• **Supplied data**

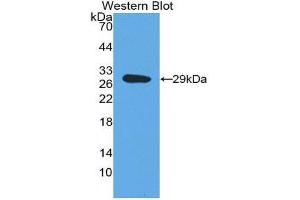 Western Blotting (WB) image for anti-Dopamine beta-Hydroxylase (Dopamine beta-Monooxygenase) (DBH) (AA 335-571) antibody (ABIN1858608) (DBH 抗体  (AA 335-571))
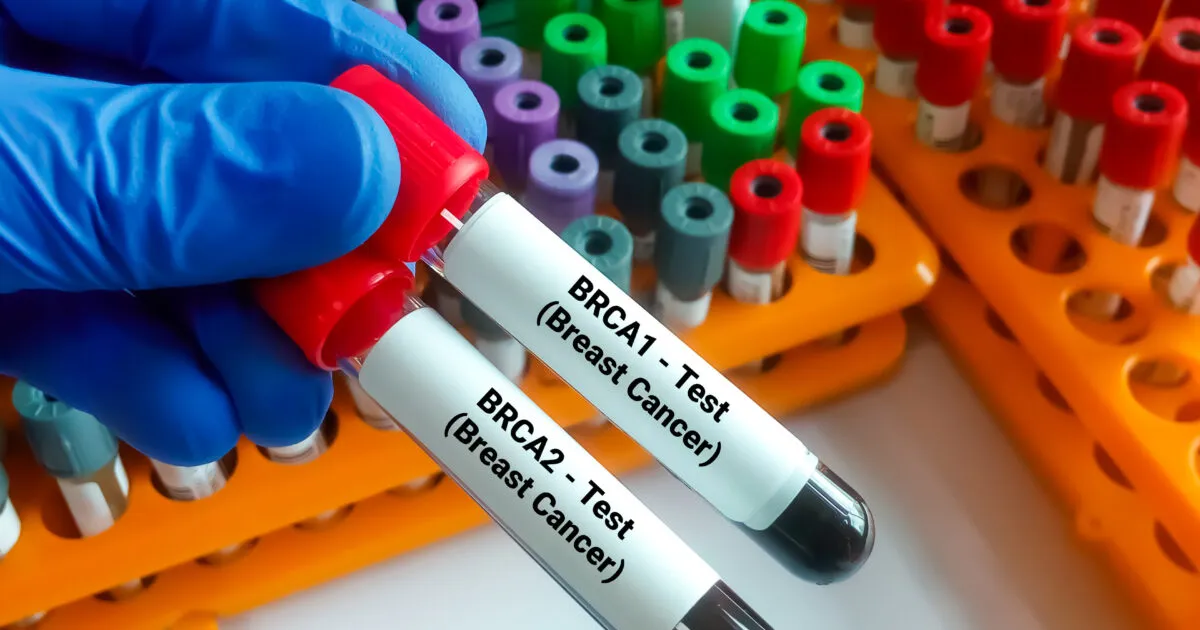 New international guidelines boost accuracy for cancer genetic testing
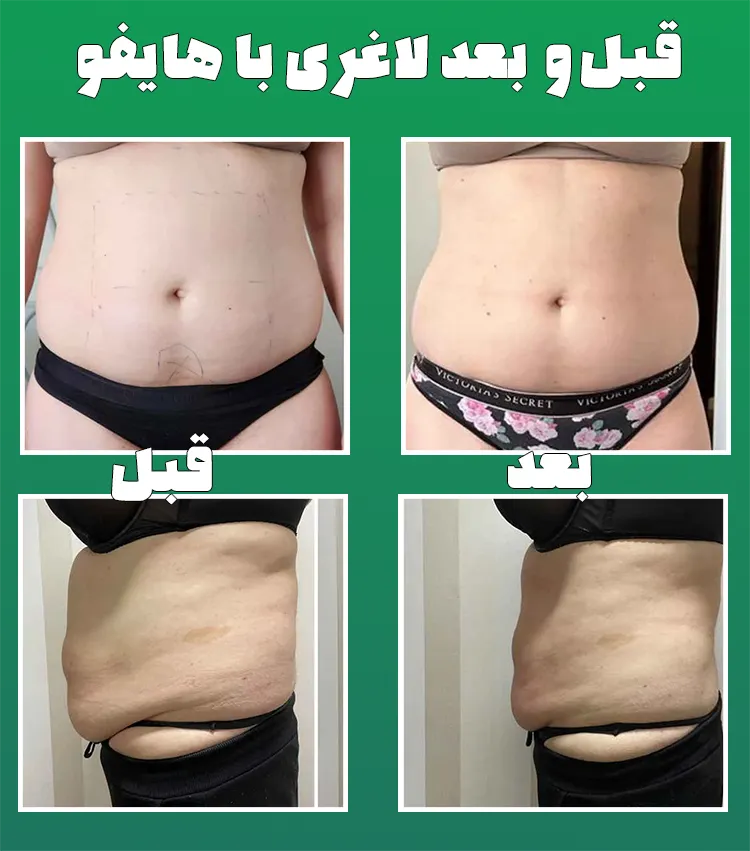 قبل و بعد لاغری با هایفو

• **Brief**
Your task is to set down each line above verbatim while excluding the pictures.

• **Completed exercise**
 Western Blotting (WB) image for anti-Dopamine beta-Hydroxylase (Dopamine beta-Monooxygenase) (DBH) (AA 335-571) antibody (ABIN1858608) (DBH 抗体  (AA 335-571))
 New international guidelines boost accuracy for cancer genetic testing
 قبل و بعد لاغری با هایفو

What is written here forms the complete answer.